Heidi Chiavaroli’s novel The Orchard House is a tribute to Louisa May Alcott, whose historic home and writing speak to women’s need for refuge.
When she was a teenager, Taylor was adopted by the Bennett family, whose kindness she never felt worthy of. She and her new sister, Victoria, shared a love for Little Women and exchanged views on their own creative writing, even attending workshops at Orchard House. Later, they grew apart.
Now thirty-seven and a bestselling author, Taylor returns to Concord to see her adoptive mother, who has cancer. She feels guilt about her abrupt departure and her strained relationship with Victoria, who’s facing domestic abuse; they excavate old wounds, but also set them aside to extend support. A twin narrative set in the 1860s focuses on Johanna, an aspiring poet, the caretaker of Orchard House, and an abused wife.
The alternating timelines converge because of the women’s desire to feel unfettered despite also yearning for connections. Rediscovering Johanna’s poems, and researching her life, pulls Taylor and Victoria closer. Epistolary interludes between Johanna and Louisa May Alcott mirror the sisters’ affection.

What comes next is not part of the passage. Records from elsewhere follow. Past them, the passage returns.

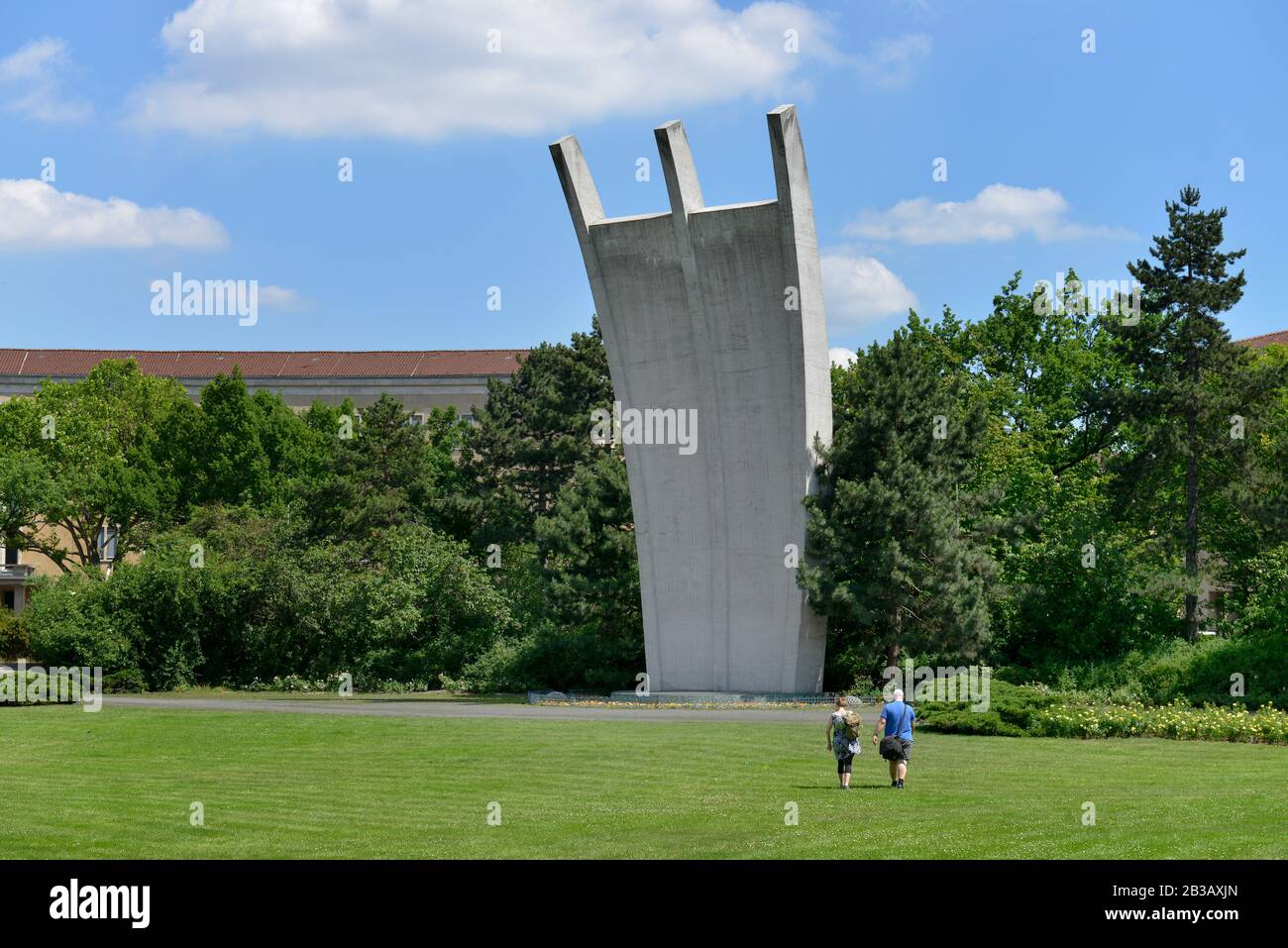 Luftbrueckendenkmal, Platz der Luftbruecke puis, Tempelhof, Berlin, Deutschland Banque D'Images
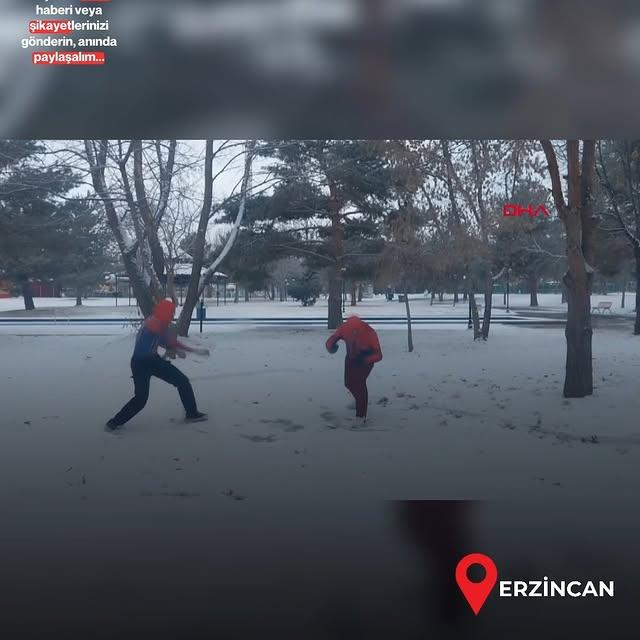 Örümcek Adam Kostümleriyle Kar Topu Savaşı: Ayaz Salih Koç'un İzmir'den Erzincan'a Uzanan Türkiye Turu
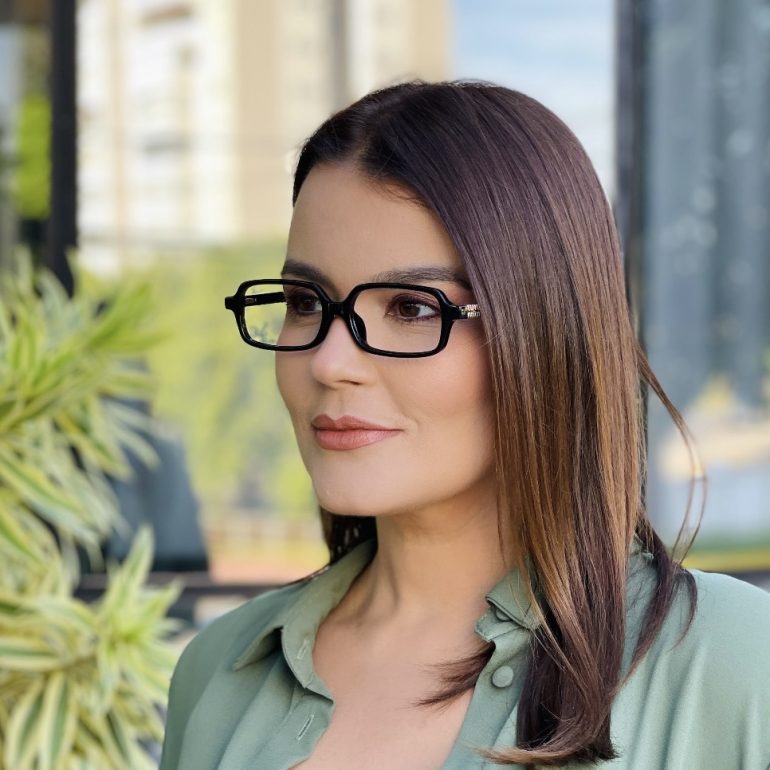 safine com br oculos de grau feminino retangular preto milla 1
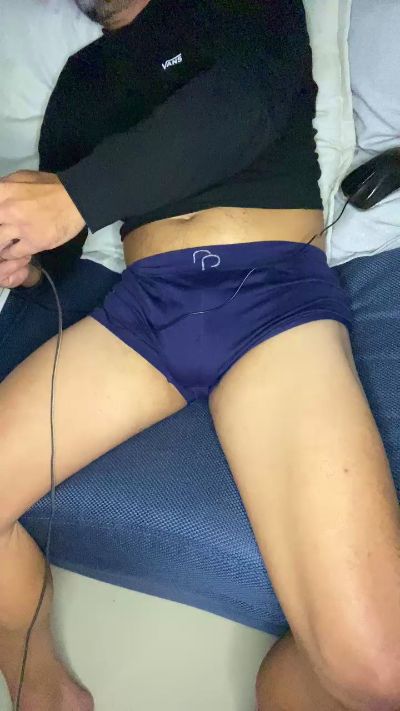 onlybaresc live cam on Cam4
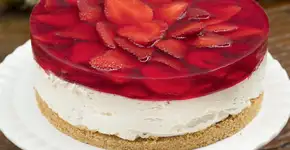Torta de morango com gelatina sem forno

Gradually, scenes ravel toward freedom, which the women find in being vulnerable.
With Christian themes about trusting God through personal failings, this exploration of broken relationships is raw when it comes to addressing its characters’ self-imposed isolation, and hopeful when it comes to showing the powerful influence of sisterhood on healing. The characters’ clear admiration of Louisa May Alcott is both about sweet girlhood fandom and respect for her mind; in scenes featuring Louisa, she is a down to earth advisor. Concord and its surroundings are a fertile background for the story.
The Orchard House is a historical novel made for Louisa May Alcott fans, with plentiful references amid a touching story about homecoming and forgiveness.